Comparativamente aos dois outros livros estamos na presença de uma narrativa mais simples e ligeiramente menos elaborada, com menos frases dignas de nota (que eu tenha notado) porque o autor simplesmente não as utiliza tanto aqui. 

Zafón está mesmo é focado na história de Fermín e não quer distrair o seu leitor. É, contudo, de notar que estes três livros podem ser livros por outra ordem, como é referido no início do presente volume. 

Sem querer ser tendenciosa, e do que sei até ao momento, sinto que a leitura deverá começar por "A Sombra do Vento" ou por "O Jogo do Anjo", sendo que "A Sombra do Vento" consegue cativar o leitor e nele entranhar-se de forma positivamente mais intensa do que "O Jogo do Anjo". 

Agora, o próximo passo é ler "O Labirinto dos Espiritos" e ver como termina esta odisseia toda. E eu já comecei a ler!

https://www.goodreads.com/review/show/1937367643

sexta-feira, 10 de março de 2017

O Jogo do Anjo, de Carlos Ruiz Zafón




"O Jogo do Anjo" de Carlos Ruiz Zafón
Planeta, 2016 
577 Páginas

Estou enfeitiçada pela escrita, pelo estilo da escrita de Zafón...

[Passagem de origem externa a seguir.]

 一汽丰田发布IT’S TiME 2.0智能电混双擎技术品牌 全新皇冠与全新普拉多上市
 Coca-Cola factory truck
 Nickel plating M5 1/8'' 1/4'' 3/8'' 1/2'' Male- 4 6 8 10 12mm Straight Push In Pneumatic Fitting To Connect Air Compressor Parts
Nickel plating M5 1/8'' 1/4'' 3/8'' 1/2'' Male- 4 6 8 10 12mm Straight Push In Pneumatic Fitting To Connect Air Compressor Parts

"O Jogo do Anjo" é perturbador. Às vezes, negro, escuro, madrasto. E admito que, ao contrário de "A Sombra do Vento", os dois últimos capítulos de "O Jogo do Anjo" conseguiram levar-me às lágrimas. Isso não aconteceu nenhuma vez com o primeiro livro. 

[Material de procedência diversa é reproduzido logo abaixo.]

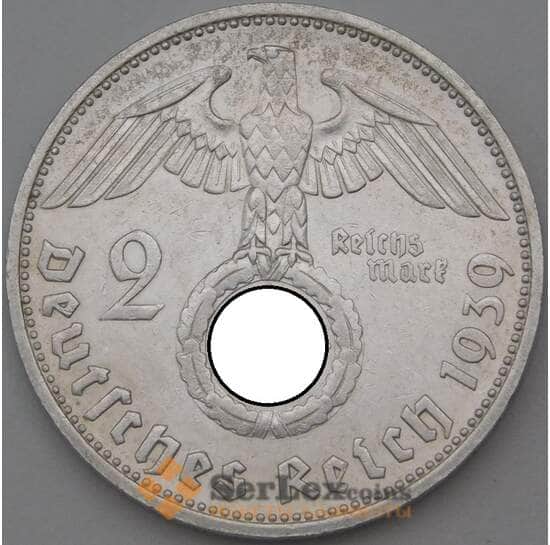 Германия 2 марки 1939 F КМ93 XF арт. 22202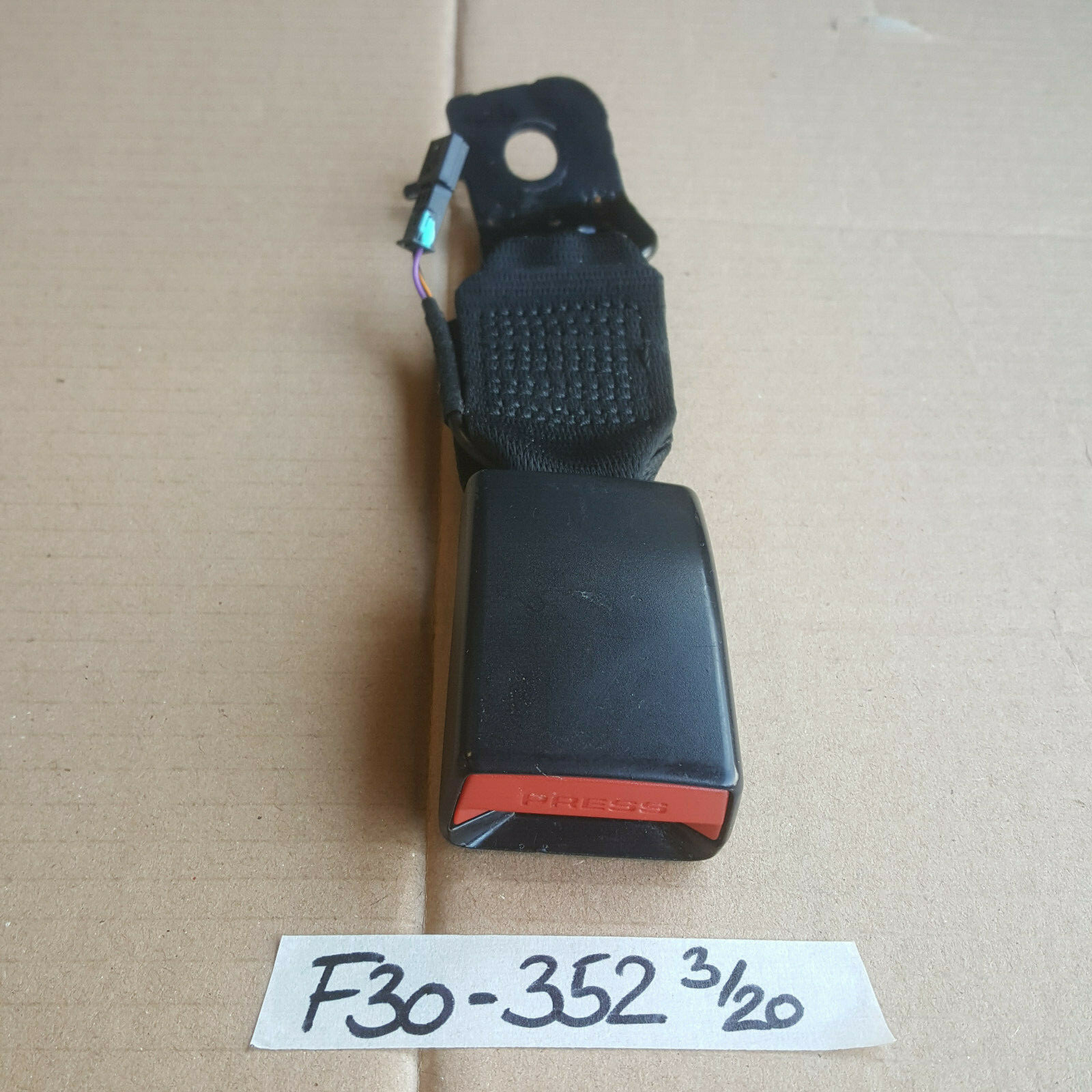 BMW F20 F21 F30 F31 F35 Gurtstrammer Gurt Schloss HINTEN Gurtstraffer 7266352 – Bild 1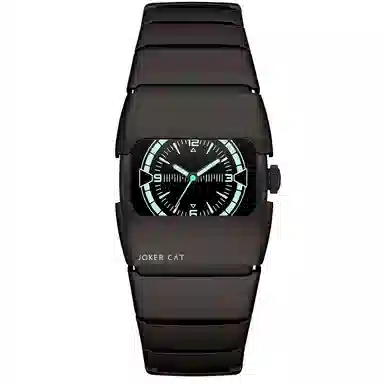 Joker Cat Light Casual Quartz Watch Black Dial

De facto, este segundo livro conseguiu deixar-me mais vulnerável, talvez até pelo tema. Aqui a história centra-se num escritor (David Martin) que quase enlouquece, que se torna vítima do seu talento para a escrita e da sua dedicação cega à mesma, que se vende e, num certo sentido, abdica da sua vida para escrever, como escritor fantasma, um livro com determinados contornos. 

De alguma forma, revi-me em David Martin. Porque também eu tenho abdicado de muitas coisas para me concentrar na escrita (da minha Tese de Doutoramento) e questiono-me, com alguma frequência, acerca do alcance e do sentido presente e futuro dessa opção na minha vida. E atenção que eu adoro o que estou fazer, mas, por vezes, também sinto o cansaço, os vários cansaços a pesar-me... Por outro lado, quando olho igualmente para a minha Tese, e apesar do carácter de objectividade que um trabalho desta natureza implica, sei que uma boa parte de mim está ali guardada, está ali presente. Daí o facto deste livro me ter causado uma sensação ligeiramente diferente do primeiro!

À parte disso, continuei a gostar de Zafón. Muito! Nesta história recuamos no tempo em que Daniel Sampere ainda não era nascido e conhecemos a sua mãe Isabella e o seu avó, para além de pelo menos outra personagem que, tanto quanto já percebi, voltará a aparecer... Refiro-me a David Martin. Zafón adopta igualmente um estilo neste livro que me faz lembrar Joanne Harris, uma das minhas escritoras favoritas. 

Entretanto, já comecei o livro seguinte desta colecção: "O Prisioneiro do Céu". Veremos o que aí vem, mas Daniel Sampere e o seu amigo Fermin estão de volta, o que só pode ser um óptimo sinal...!

https://www.goodreads.com/review/show/1930335603

sexta-feira, 3 de março de 2017

A Sombra do Vento, de Carlos Ruiz Zafón




"A Sombra do Vento" de Carlos Ruiz Zafón
Planeta, 2016
555 Páginas

Um livro dentro de outro livro, uma história dentro de outra história. Personagens que dão vida a outras... Mistério, muito mistério. A paixão por livros, verdadeira e autêntica que nos leva a ser, por vezes, um pouco loucos. O Amor e o Ódio a caminhar muito próximos. A amizade e a lealdade, genuinas e sem preço. A obstinada teimosia. E tudo tem uma razão de ser, um sentido, como convém não esquecer e é sempre bom lembrar!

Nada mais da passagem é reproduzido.